En el pasado, quienes no tenían la posibilidad de leer se sentían apesadumbrados por no poder saber lo que decían los libros; y no digamos nada de lo que estaban dispuestos a pagar por un libro tanto los ricos como los pobres, en el oscuro medioevo y bastante tiempo después.
Eran tiempos tan extraños aquéllos de las tinieblas medievales y los que siguieron siendo premodernos que los libros estaban atados con cadenas, o, si se encontraba el libro que uno andaba buscando en una feria, se decidía vender para comprarlo, la mula misma en la que hasta allí se había viajado. No sólo fue a Boccaccio al que le pasaban estas aventuras. Y es ahora cuando una total indiferencia e inapetencia de los libros obliga, seguramente, a hacer esas campañas para suscitar el apetito de leerlos, como el médico receta algo para abrir el apetito de comer. O se utilizan argumentos de importancia social para prestigiar a los libros como mercancía distinguida, como se hacía hace unos cuantos años cuando se hablaba de la elegancia social del regalo, refiriéndose a los libros, para que se regalasen en competencia o incluso preferencia, pongamos por caso, a una cubertería de plata, que es lo que se venía a decir poco más o menos. Pero se ve que no cuajó el asunto, como cuajaban las cosas, cuando el muy sentimental señor Amado Nervo decía en un poema sobre Kempis: ¡Oh, Kempis, Kempis, asceta yermo /pálido asceta, qué mal hiciste! /Ha muchos años que estoy enfermo, /y es por el libro que tú escribiste. Y, desde luego, atinaba en el quid del asunto, porque eso será siempre un libro: un hachazo en la cabeza, que decía Kafka; o una estancia en el Edén. O nada.
Pero luego vinieron gentes más evolucionadas, y llamaron letraheridos a quienes así se tomaban en serio los libros serios, como si hubiera algo serio en el mundo y algo significara algo, a excepción del cuarto de hora de gloria del que habla el señor Warhol; que hace que entonces se entienden un poco mejor las campañas y ceremonias librescas, y otros muchos culturalismos.

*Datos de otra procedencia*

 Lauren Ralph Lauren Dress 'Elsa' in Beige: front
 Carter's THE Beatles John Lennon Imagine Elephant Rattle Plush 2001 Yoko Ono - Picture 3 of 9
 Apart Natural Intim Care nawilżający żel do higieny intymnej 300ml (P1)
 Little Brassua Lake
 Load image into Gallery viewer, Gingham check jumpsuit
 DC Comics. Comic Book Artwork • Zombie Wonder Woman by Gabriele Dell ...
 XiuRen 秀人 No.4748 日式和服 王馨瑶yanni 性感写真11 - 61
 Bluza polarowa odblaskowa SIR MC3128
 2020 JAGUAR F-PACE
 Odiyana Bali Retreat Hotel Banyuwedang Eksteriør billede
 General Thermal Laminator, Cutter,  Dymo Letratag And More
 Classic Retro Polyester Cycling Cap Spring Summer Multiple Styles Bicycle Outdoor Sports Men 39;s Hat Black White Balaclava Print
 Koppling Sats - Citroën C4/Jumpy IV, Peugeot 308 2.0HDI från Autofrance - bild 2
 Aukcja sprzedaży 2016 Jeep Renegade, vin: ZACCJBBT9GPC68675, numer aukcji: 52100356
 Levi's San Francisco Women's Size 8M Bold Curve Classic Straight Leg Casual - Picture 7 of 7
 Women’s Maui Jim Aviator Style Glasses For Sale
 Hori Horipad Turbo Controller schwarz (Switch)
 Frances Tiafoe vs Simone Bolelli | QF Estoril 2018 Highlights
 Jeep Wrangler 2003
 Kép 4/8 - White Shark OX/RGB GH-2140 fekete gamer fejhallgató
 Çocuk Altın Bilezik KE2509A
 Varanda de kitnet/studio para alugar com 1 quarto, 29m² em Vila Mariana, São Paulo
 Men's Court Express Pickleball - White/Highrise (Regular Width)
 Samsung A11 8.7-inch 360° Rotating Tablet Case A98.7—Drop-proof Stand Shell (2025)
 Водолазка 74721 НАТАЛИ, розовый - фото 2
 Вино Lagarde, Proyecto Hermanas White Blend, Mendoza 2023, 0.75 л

Pero seguramente esa inapetencia general básica de lectura es sólo un síntoma, y no exactamente de inapetencia, sino de decidida voluntad de no leer y de ser orgullosamente iletrados. Es la enfermedad mortal de destrucción de la cultura la que ahí está; y es el fino olfato de las gentes, especialmente jóvenes, que se percatan de ella, y, sin haber leído ningún libro, ya tienen en sus labios la ceniza del triste verso de Mallarmé: He leído todos los libros /y la carne es triste. ¿Qué sería, entonces, de nosotros sin los cabildeos de las campañas, ceremonias, y estadísticas librescas?